The answer should hold only the lines from the beginning of the material through the one with "Trisomy is a", reproduced exactly and without pictures.

◆ ◆ ◆ ◆ ◆ ◆ ◆

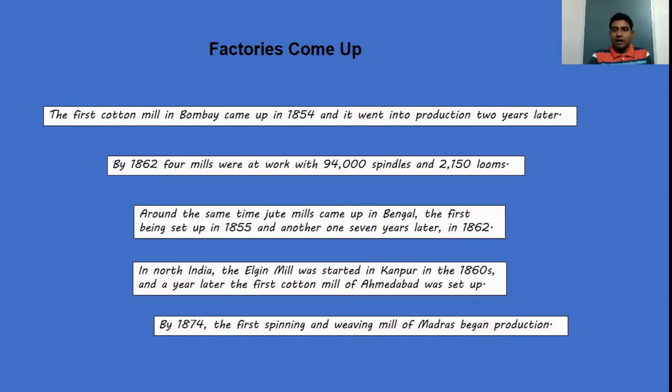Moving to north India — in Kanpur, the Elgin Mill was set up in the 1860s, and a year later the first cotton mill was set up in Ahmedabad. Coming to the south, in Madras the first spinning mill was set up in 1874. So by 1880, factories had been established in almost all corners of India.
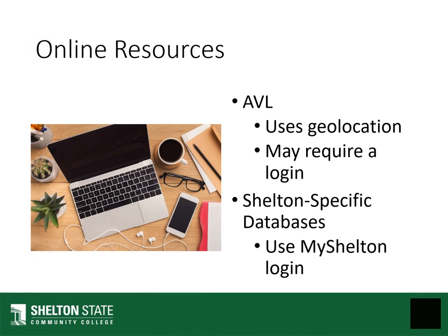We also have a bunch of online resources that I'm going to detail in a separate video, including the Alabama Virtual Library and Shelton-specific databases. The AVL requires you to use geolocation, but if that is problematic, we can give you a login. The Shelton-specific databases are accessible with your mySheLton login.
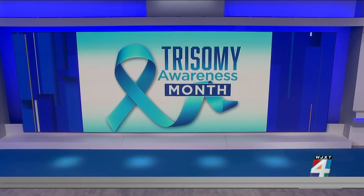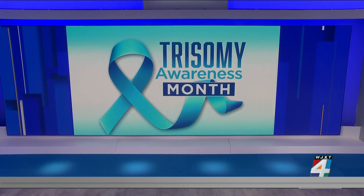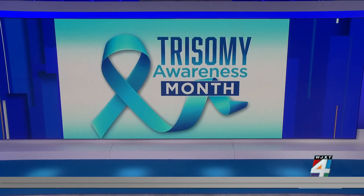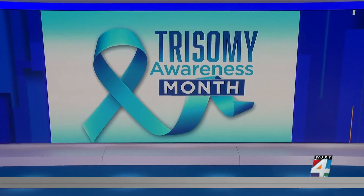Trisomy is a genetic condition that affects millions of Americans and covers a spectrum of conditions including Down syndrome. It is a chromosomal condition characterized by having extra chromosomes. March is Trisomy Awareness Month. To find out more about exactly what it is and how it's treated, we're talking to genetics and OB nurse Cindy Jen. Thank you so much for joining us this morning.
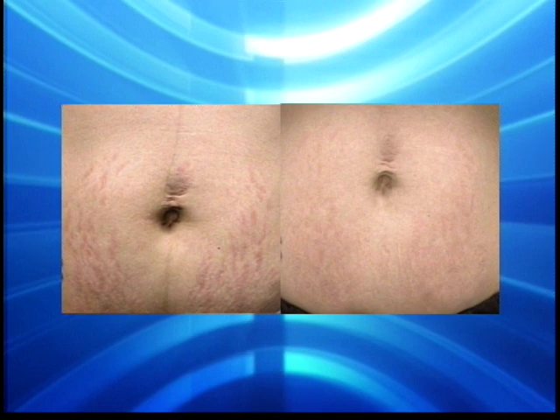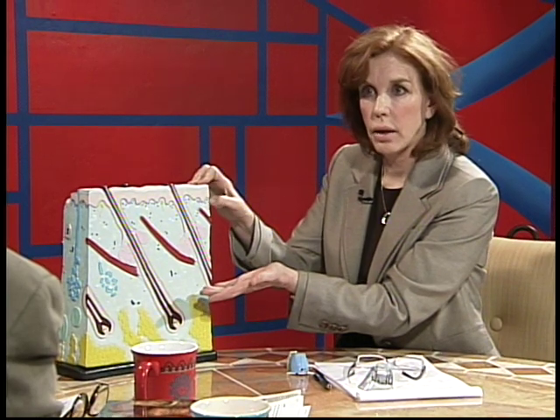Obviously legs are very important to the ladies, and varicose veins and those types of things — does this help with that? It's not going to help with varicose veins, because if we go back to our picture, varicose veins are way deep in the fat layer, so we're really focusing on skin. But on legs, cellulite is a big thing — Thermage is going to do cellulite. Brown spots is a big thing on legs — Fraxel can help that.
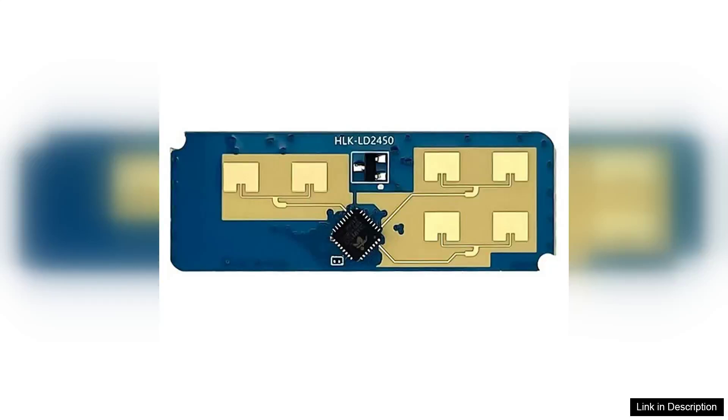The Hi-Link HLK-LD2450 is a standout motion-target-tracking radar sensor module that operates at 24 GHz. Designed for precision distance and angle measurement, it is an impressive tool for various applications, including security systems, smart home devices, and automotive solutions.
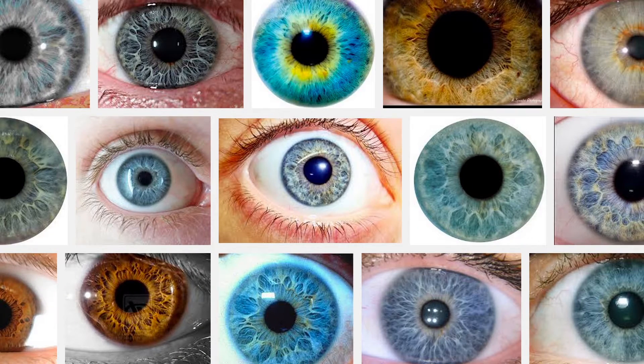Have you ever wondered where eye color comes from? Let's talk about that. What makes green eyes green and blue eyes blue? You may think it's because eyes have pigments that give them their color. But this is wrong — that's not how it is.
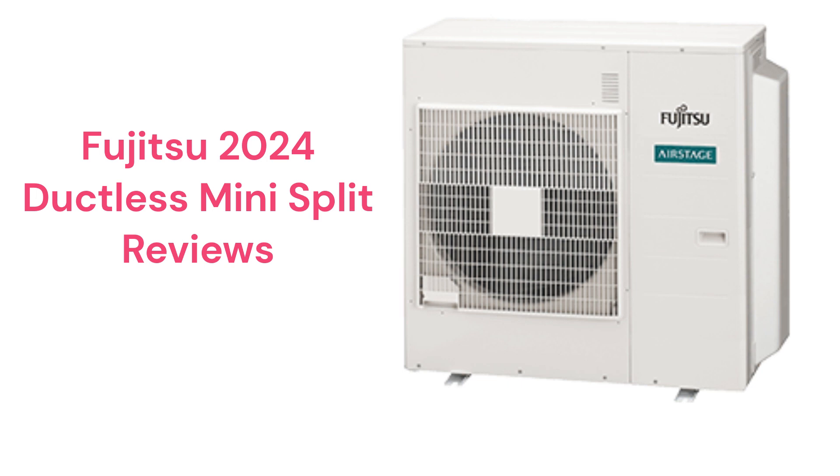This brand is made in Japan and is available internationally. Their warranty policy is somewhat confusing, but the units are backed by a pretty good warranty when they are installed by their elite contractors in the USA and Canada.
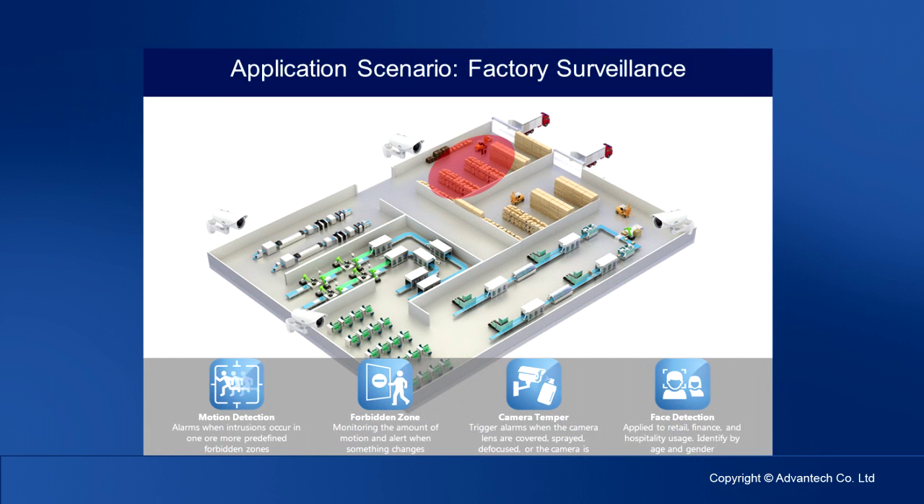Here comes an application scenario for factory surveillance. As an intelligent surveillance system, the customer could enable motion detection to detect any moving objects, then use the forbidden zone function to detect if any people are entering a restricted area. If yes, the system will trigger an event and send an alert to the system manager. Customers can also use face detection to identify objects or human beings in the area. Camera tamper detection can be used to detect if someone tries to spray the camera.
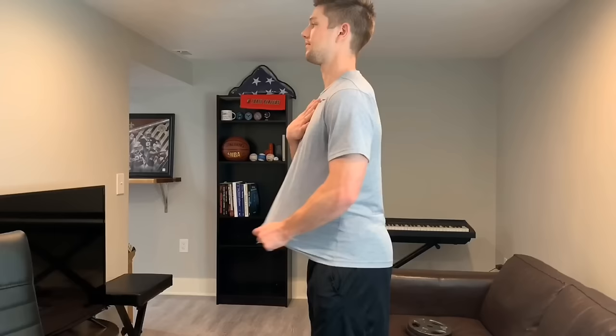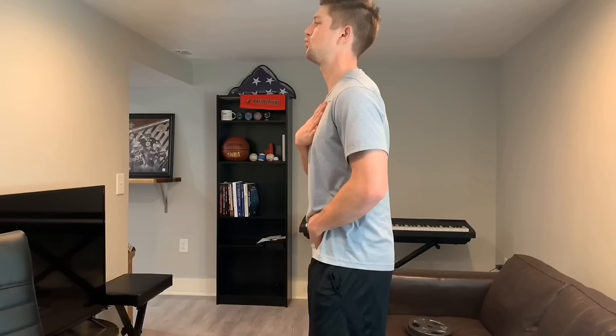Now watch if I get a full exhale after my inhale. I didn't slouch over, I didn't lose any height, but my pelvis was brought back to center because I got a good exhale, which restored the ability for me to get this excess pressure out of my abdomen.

◆ ◆ ◆ ◆ ◆ ◆ ◆

#### Solved problem:
Moving to north India — in Kanpur, the Elgin Mill was set up in the 1860s, and a year later the first cotton mill was set up in Ahmedabad. Coming to the south, in Madras the first spinning mill was set up in 1874. So by 1880, factories had been established in almost all corners of India.
We also have a bunch of online resources that I'm going to detail in a separate video, including the Alabama Virtual Library and Shelton-specific databases. The AVL requires you to use geolocation, but if that is problematic, we can give you a login. The Shelton-specific databases are accessible with your mySheLton login.
Trisomy is a genetic condition that affects millions of Americans and covers a spectrum of conditions including Down syndrome. It is a chromosomal condition characterized by having extra chromosomes. March is Trisomy Awareness Month. To find out more about exactly what it is and how it's treated, we're talking to genetics and OB nurse Cindy Jen. Thank you so much for joining us this morning.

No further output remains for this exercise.